辰巳橋の渡り初め(羽幌炭砿の社報:昭和38年12月2日付「石炭羽幌」より)

築別炭砿駅を降りて炭鉱の中心部へ向かう時、人々は必ずこの橋を渡らなければならなかった。すなわち、築別炭砿事務所方面に通じるメインストリートの途中に築別川が流れており、そこに架かる橋が「辰巳橋」である。橋の名称は、かつて鈴木商店の先代・鈴木岩治郎が番頭として働きその後鈴木商店が暖簾を譲り受けた「辰巳屋」に由来する。

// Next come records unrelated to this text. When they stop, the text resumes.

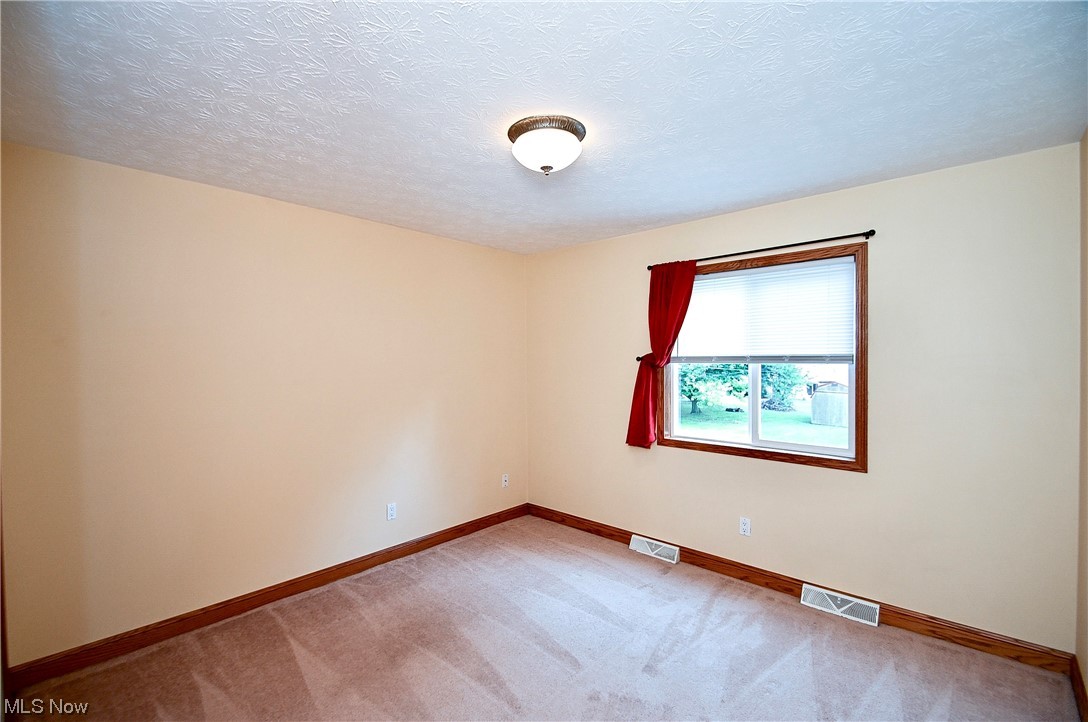 Turkeyfoot Park Estates Allotment 2 - Residential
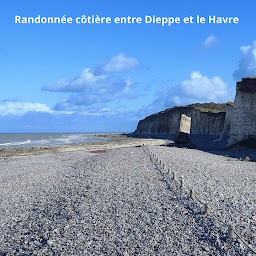 Photo n°15 de We Rando votre designer d'aventures à Le Mesnil-le-Roi (Agence de voyages)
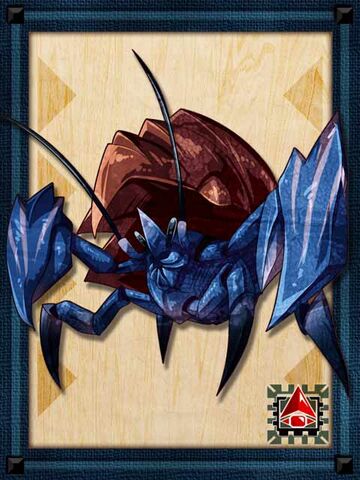 File:MHCM-Ceanataur Card 001.jpg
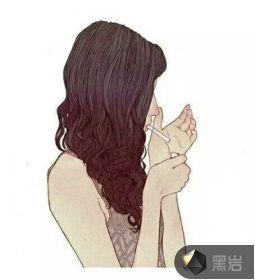 邓丽君如果没有遇见你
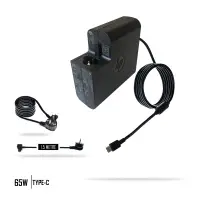 Acer Aspire Lite 15 N24G4 Adaptör Şarj Aleti-Cihazı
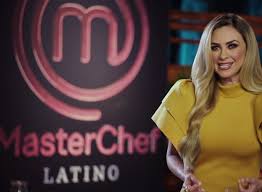 Amateur and home chefs compete against one another for the title of masterchef. Masterchef Latino Tv Show Season 1 Episodes List Next Episode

鉱員が炭坑に入るために使用する橋であり、住民が役場支所、消防本部、会館、クラブ、配給所、生協、大五百貨店、映画館、スキー場、ジャンプ台、さらには大山祇神社への参拝、お祭りの出店、花火大会、などに行くためには必ず通る、生活に密着したなくてはならない橋であった。辰巳橋は羽幌炭砿創業期の昭和16(1941)年に架設された。その後昭和31(1956)年に架け換えられたが幅員4.5㍍とあって大型バス、トラックの通行は幅ギリギリ一杯で通行量も急増していたことから架け替え工事を行い、昭和38(1963)年11月、住民のだれもが待ち望んでいた幅員9㍍(内「人道」3㍍)、全長37㍍の鉄筋コンクリート造りのスマートな永久橋が完成した。同年11月29日、橋の前で関係者200名が参列して竣工式が行われ、その後炭鉱創業前から当地に住んでおられたご夫婦3組が神官に先導され、太陽中学校のブラスバンド、幼稚園児170名のうち振る日の丸の小旗の中、渡り初めが盛大に行われた。